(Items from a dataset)
▬▬▬
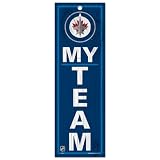 ATLANTA THRASHERS OFFICIAL LOGO 4"X13" WOOD SIGN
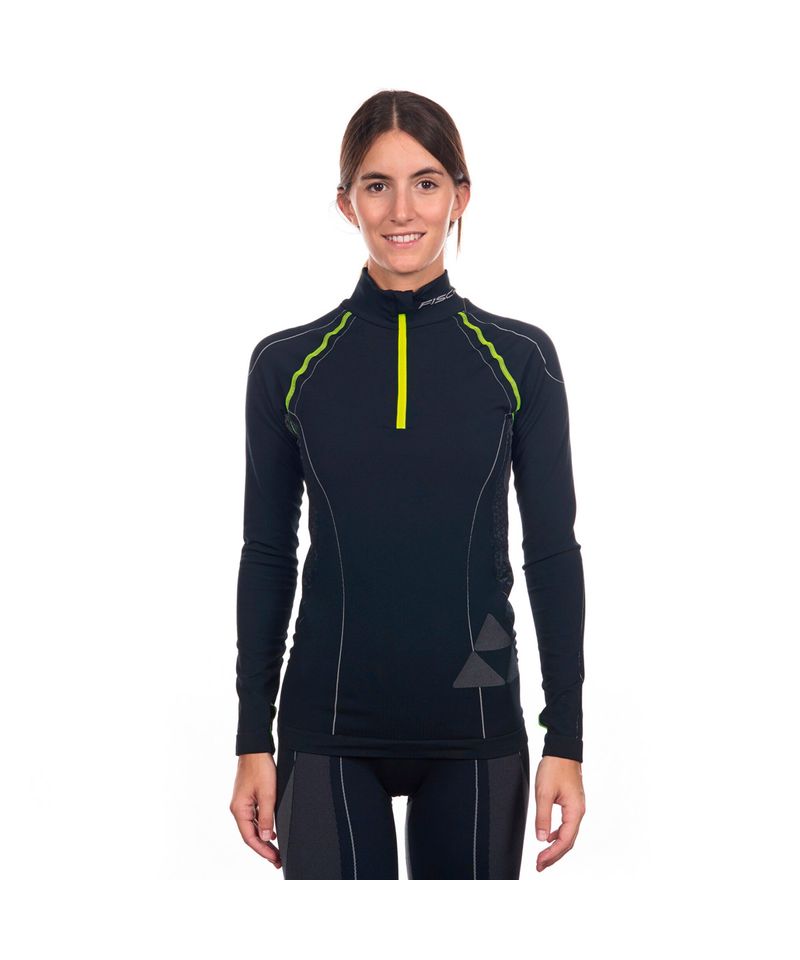 Remera-Termica-Fischer-SkiShirt-Seamless-Primera-Capa-Mujer-Negro-G50319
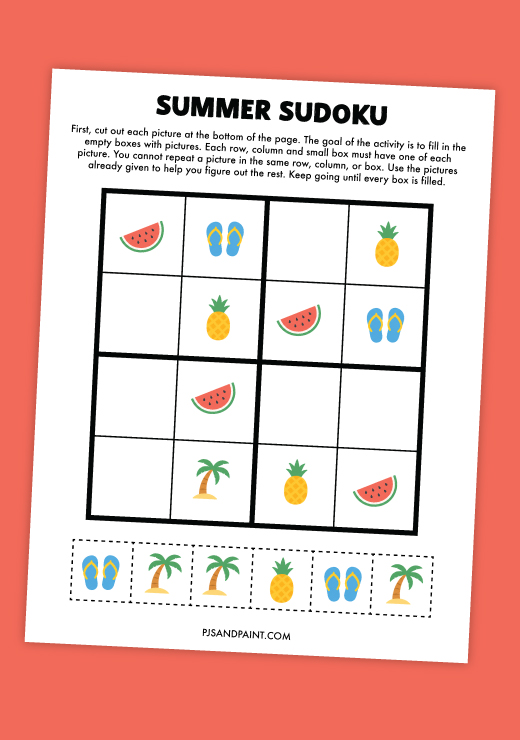 summer sudoku thumbnail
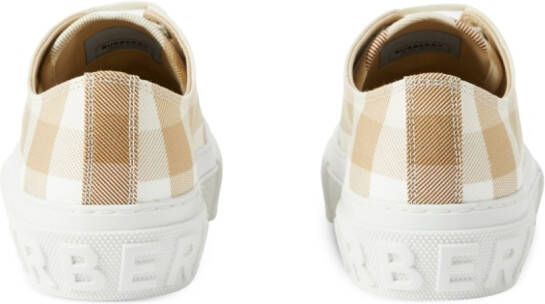 Burberry Geruite sneakers Beige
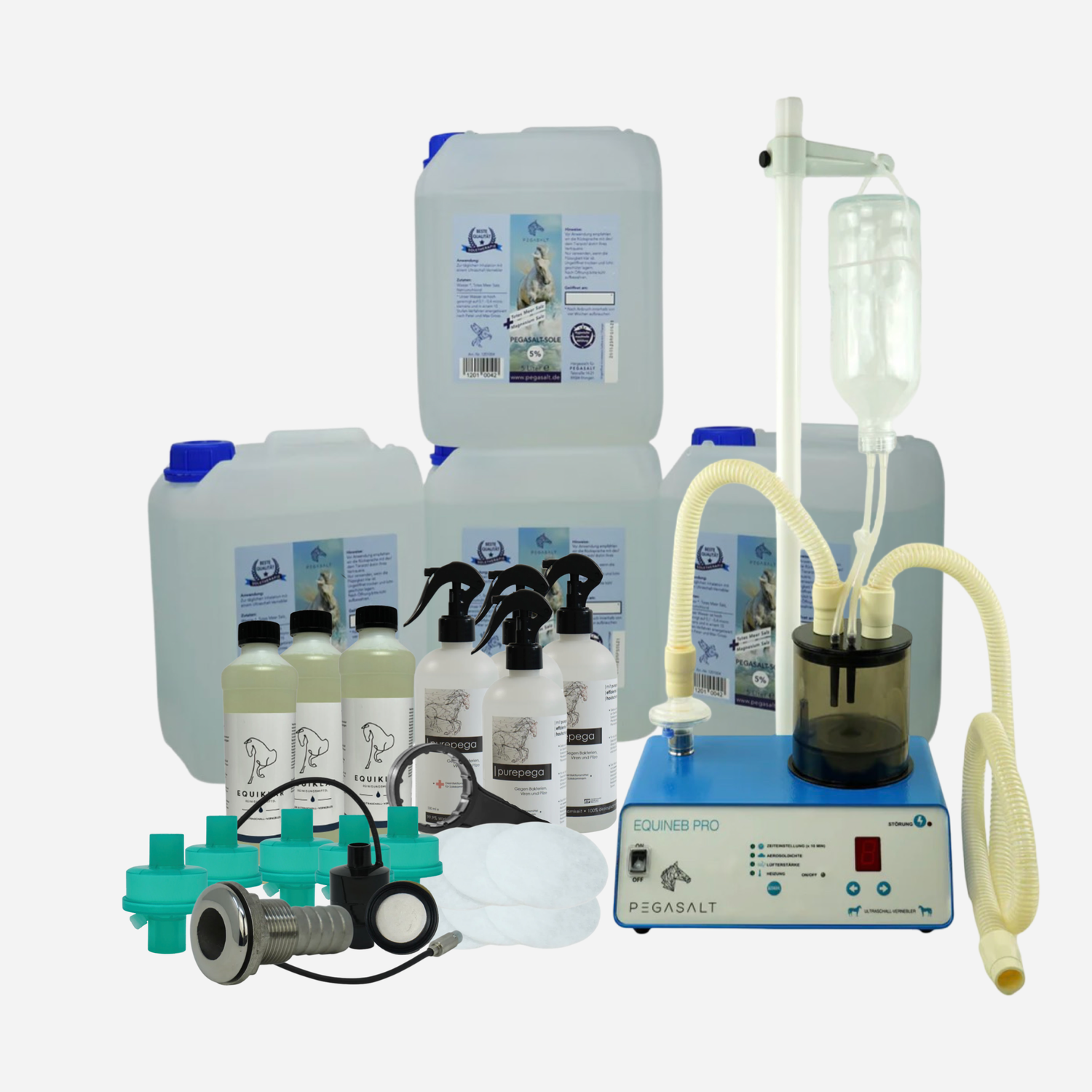 EQUINEB PRO komplettes Starter Set - PEGASALT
▬▬▬
■ ACTIVITY ■
Word-for-word output of every record is needed, with images omitted.

■ RESPONSE TO THE TASK ■
 ATLANTA THRASHERS OFFICIAL LOGO 4"X13" WOOD SIGN
 Remera-Termica-Fischer-SkiShirt-Seamless-Primera-Capa-Mujer-Negro-G50319
 summer sudoku thumbnail
 Burberry Geruite sneakers Beige
 EQUINEB PRO komplettes Starter Set - PEGASALT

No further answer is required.